Yo miro con asombro su pausada,
su prolija manera.
Su temor a los cielos,
su obediencia a la tierra.
Domingos
de Néstor Groppa
Siempre hay alguien
mirando
los domingos;
mira la tarde solitaria
con el mendigo que revuelve
un baldío
entre lampazos
y ramas secas.
Mira lo irreconocible,
la cárcel,
los agentes de recorrida,
el campanario de Santa Teresita
en silencio.
A la tarde, los domingos
flamean sólo
los gallardetes argentinos
de la conmemoración
al mediodía.
Los músicos
de la fanfarria
policial
regresan en grupos
a la placita,
atardeciendo.
Sobre tiempos
como nubes lejanas,
sobre perdidas vecindades,
sobre mudanzas
de cosas,
sobre patios que ya no encontraremos
nunca
ahora corren estas niñitas
vestidas de aldeanas para un número artístico.
Hay domingos
en que alguien mira estremecerse
los eucaliptos
las horas ondulantes de la
brisa,
el reverdecer lento
de los troncos
en los cerros de enfrente,
las banderas extranjeras
florecidas
en la Plaza de los Inmigrantes
con sus cubos de colores
y farolas nuevas
a gas.
El cielo es bajo, y bello
es el lejano celeste por el naciente,
entre nubes,
con un halo de libertad infinita.
Hay domingos desvalidos,
irreconocibles apenas
por demasiado
lejanos;
presentes,
pero muy, muy lejanos.
Irreales
de tan breves que fueron
Domingos,
que no existieron.
Día 5
de Elizabeth Soto
Por la ventana del colectivo veo una línea blanca que surca el cielo.
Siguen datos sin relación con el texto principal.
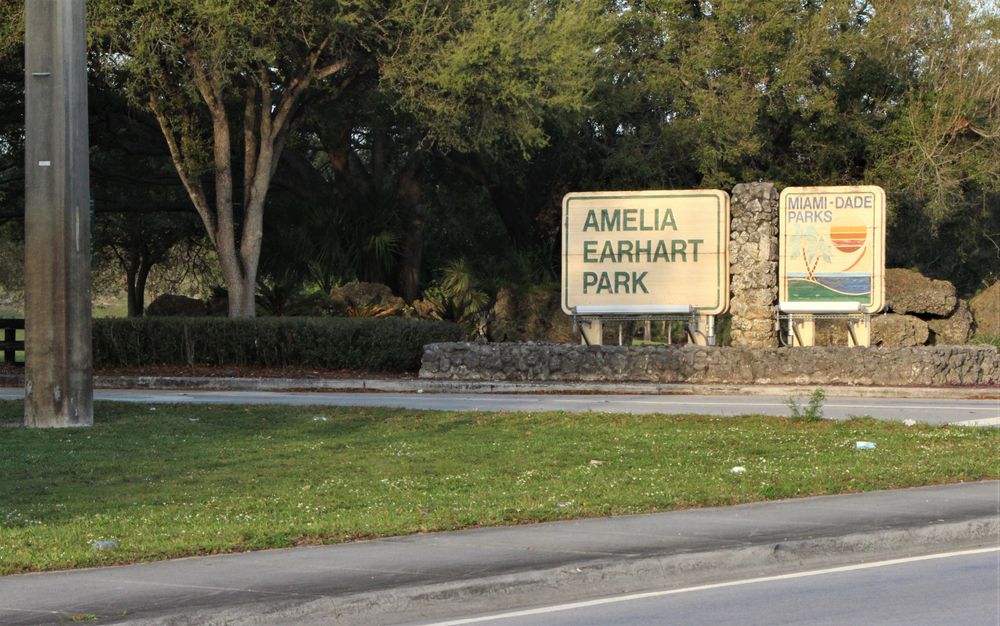 Entrance to the Amelia Earhart Park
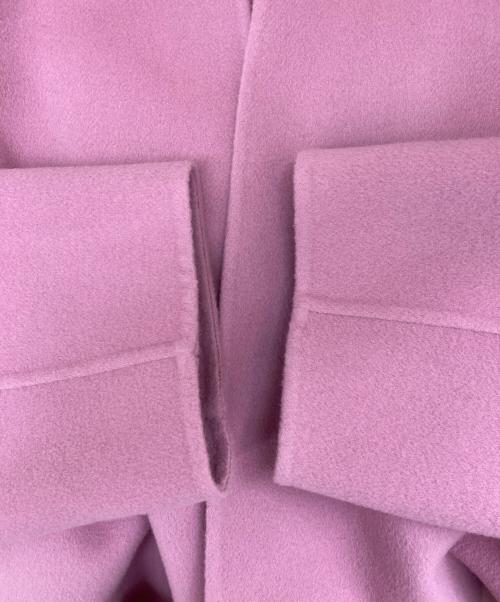 Loulou Willoughby（ルルウィルビー）Loulou Willoughby (ルルウィルビー) シャルムビーバーリバーミドルコート ピンク サイズ:1の古着・服飾アイテム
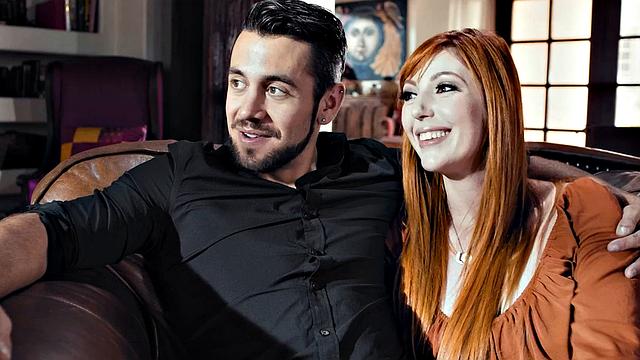 TRANSFIXED - Dante Colle Shares His Wife Lauren Phillips With Trans Therapist Casey Kisses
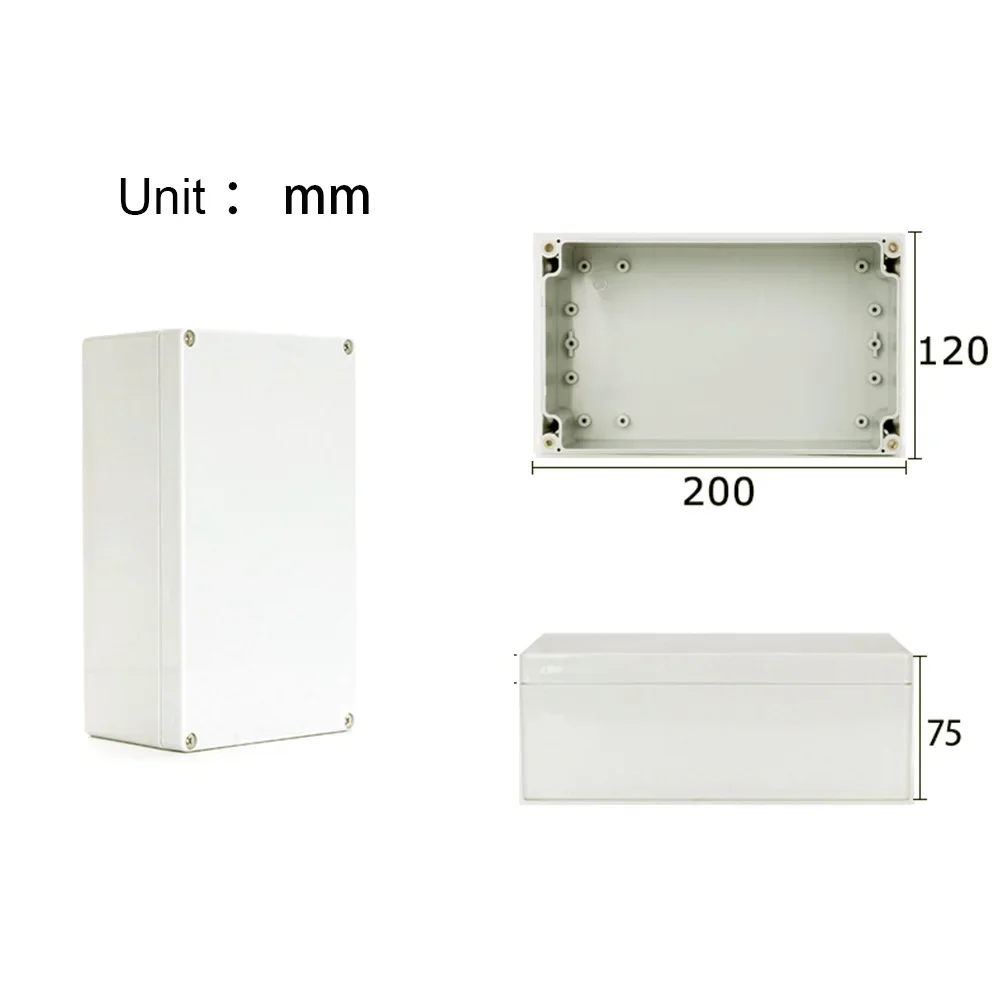 Projekt-Anschlussdose für Elektrokabel, Outdoor, DIY, versiegeltes IP67-Gehäuse, Kabelbox, 115 x 90 x 55 mm, wasserdichte elektronische Gehäuse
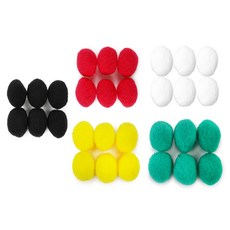 완자스토어 컬러솜털 40mm 컬러솜털공아동용, 노랑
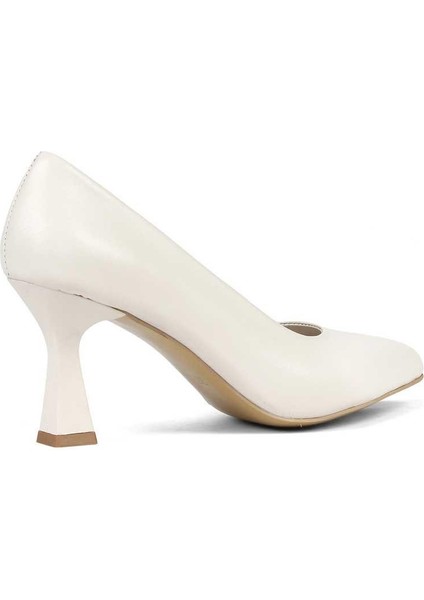 Kadın Bej Ince Topuklu Deri Stiletto indirimleri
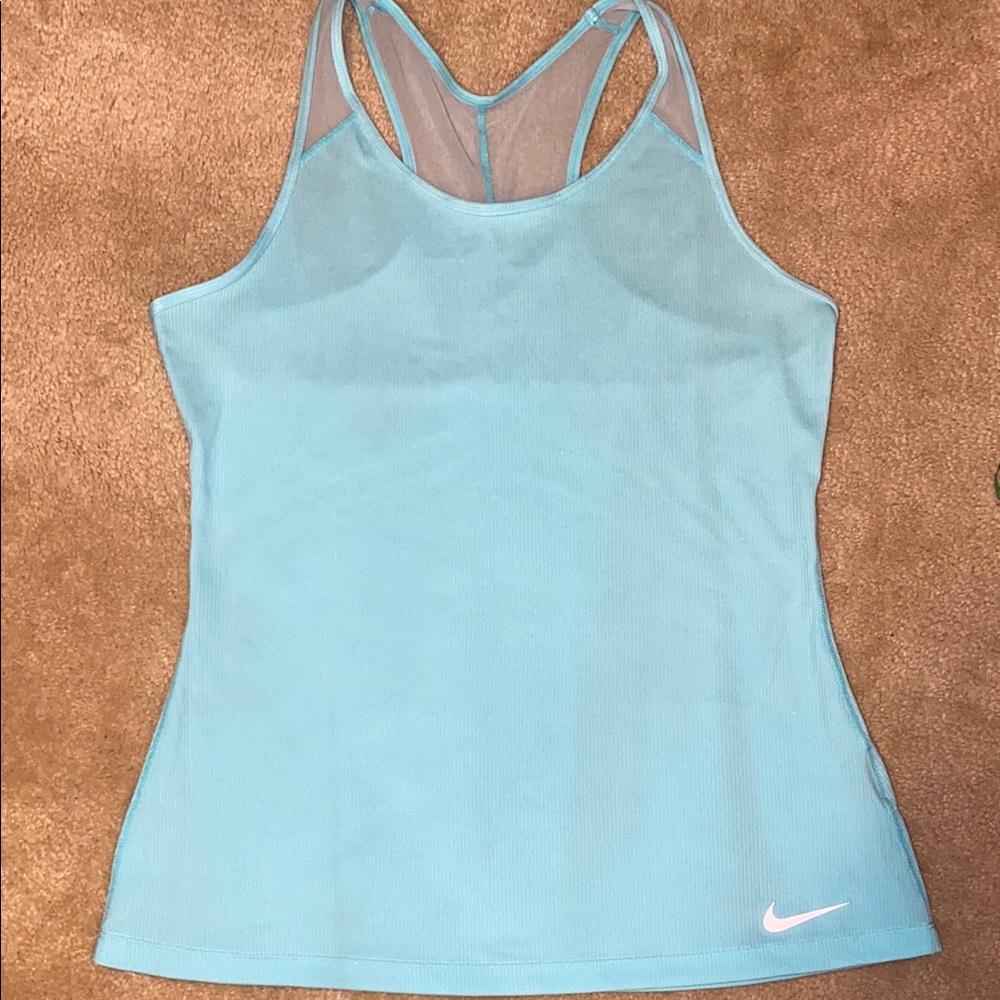 Nike Sky Blue Athletic Fitted Tank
Parece el camino dejado por un meteorito que rompió la tela celeste de la capa de ozono. El colectivo va casi vacío y me animo a cantar (bajito). El sol de invierno me motiva a eso. Tal vez me cruces por el puente Gorriti o por las calles del barrio cantando: no me interrumpas.
Estoy pensando si es muy cursi decir cursi...
Voy escuchando a Oasis, siempre me provoca las ganas de llorar que me faltan.
¿La belleza tiene siempre la misma forma?